The spec flameport posted indicated that, as a feature, the mixer would 'shut off' if the input hot water temp was not at least 12° above the output temp of the mixer -= something which could obviously only be achieved if both hot and cold water were available and that at least some cold water were being mixed with the hot.
I'm not sure what you mean by "latent heat expansion" but it certainly is (from the heater's point-of-view) an 'unvented system' (since water flow controlled by downstream taps/valves. However, unless there is a non-return valve in the cold fed to the heater,the pressure within it presumably can't rise to significantly above that of the cold supply? ... although I have to say that the instructions for some of these heaters I've seen indicate that a 'pressure relief valve' should be installed in the cold feed.
Fair enough, but you've seen it now, as well as reading my precis of the relevant bit, so should be aware of this 'safety feature' on at least one of them, and its 'consequences'.
All true - but none of them I've looked at so far say anything about a pressure vessel - and, on the contrary incude diagrams which show only heater, pipework and taps/showers. As above, in the absence of a non-return valve the pressure should be limited by supply pressure, if not also by an explicit PRV on the input supply.
No comment - but we certainly did the opposite (imploding a 1-gallon oil can) in the 'collapsing can experiment' at schoolI don't know about you but I never heated a sealed 1 gallon oil can with a blowtorch to see if it split
Just to reiterate, any system where an outlet can be under standing water requires a NRV to prevent any contamination to the public supply and I believe that is by law.
Indeed - but in relation to indoor plumbing, my understanding is that everything is meant to be arranged so that situation cannot arise - e.g.. taps must be above bath/basin/sinks (or their overflows), and the equivalent for shower hoses,etc. 'Outdoors' introduces more potential for backflow - but I presume even that only if supply pressure drops to a very low figure.
And a vessel full of latant heat doesn't create a back flow?
Again, I don't really understand what you mean by 'latent heat' - a term which really only applies to situations such as 'phase transitions' (i.e. from solid to liquid or liquid to gas, or vice versa).
For what it's worth, there is definitely no such requirement mentioned in the installation instructions of the heater I'm looking at, nor in any of the instructions for other similar items that I've looked at in recent days.
As far as I'm aware a check valve is only a non return valve whith a specific minimum pressure differential but in truth this isn't really my field of expertise to be able to quote chapter and verse. For example I know a check valve is fitted as a bypass in heating systems when motorised valves close to allow the pump to 'run on' until the boiler reaches a lower temp.
See below.
That is consistent with what I wrote. The rules/regulations/laws in relation to prevention of backflow into the public water supply network have no interest in what happens within heating systems, so it's perfectly OK to use a 'NVR', rather than a 'check valve', in that situation. That is confirmed by statements one finds on-line such as ...

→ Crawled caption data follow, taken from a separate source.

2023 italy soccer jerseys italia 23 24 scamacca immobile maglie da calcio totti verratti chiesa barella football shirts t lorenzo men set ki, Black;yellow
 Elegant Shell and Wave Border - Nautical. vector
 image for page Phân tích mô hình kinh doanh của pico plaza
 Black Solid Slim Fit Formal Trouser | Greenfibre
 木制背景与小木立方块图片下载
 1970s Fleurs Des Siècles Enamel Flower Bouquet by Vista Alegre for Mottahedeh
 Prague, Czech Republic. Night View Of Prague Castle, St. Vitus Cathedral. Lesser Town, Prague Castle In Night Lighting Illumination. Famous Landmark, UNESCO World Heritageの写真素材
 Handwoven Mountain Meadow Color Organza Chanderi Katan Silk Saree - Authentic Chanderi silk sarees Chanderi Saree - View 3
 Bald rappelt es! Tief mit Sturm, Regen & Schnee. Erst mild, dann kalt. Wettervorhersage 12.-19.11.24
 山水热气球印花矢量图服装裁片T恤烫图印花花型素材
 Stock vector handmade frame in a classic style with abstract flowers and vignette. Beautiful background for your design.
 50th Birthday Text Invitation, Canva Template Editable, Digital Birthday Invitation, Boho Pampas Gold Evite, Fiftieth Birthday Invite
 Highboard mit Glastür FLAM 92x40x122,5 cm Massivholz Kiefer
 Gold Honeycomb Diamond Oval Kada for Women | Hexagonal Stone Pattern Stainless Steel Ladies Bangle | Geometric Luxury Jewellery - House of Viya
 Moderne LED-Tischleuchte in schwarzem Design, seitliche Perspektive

If you ask Mr Google about this, you'll probably get driven mad (as was I), since it is apparent that 'everyone', from manufacturers through retailers to users tend to use the terms "non-return-valve" and "check valve" interchangeably - although it seems that they probably shouldn't, since one also finds seemingly more authoritative (apparently from 'a man at WRAS') information such as (click here) :
That makes sense, although,as above, it looks as if, when such anti-backflow precautions are required, UK law/regulations requires it to be achieved by use of a "check valve", rather than a "non-return valve". In my situation, the volume (heater plus pipework) of the 'pressurised hot water system' would probably be no more than about 1 lrr at most.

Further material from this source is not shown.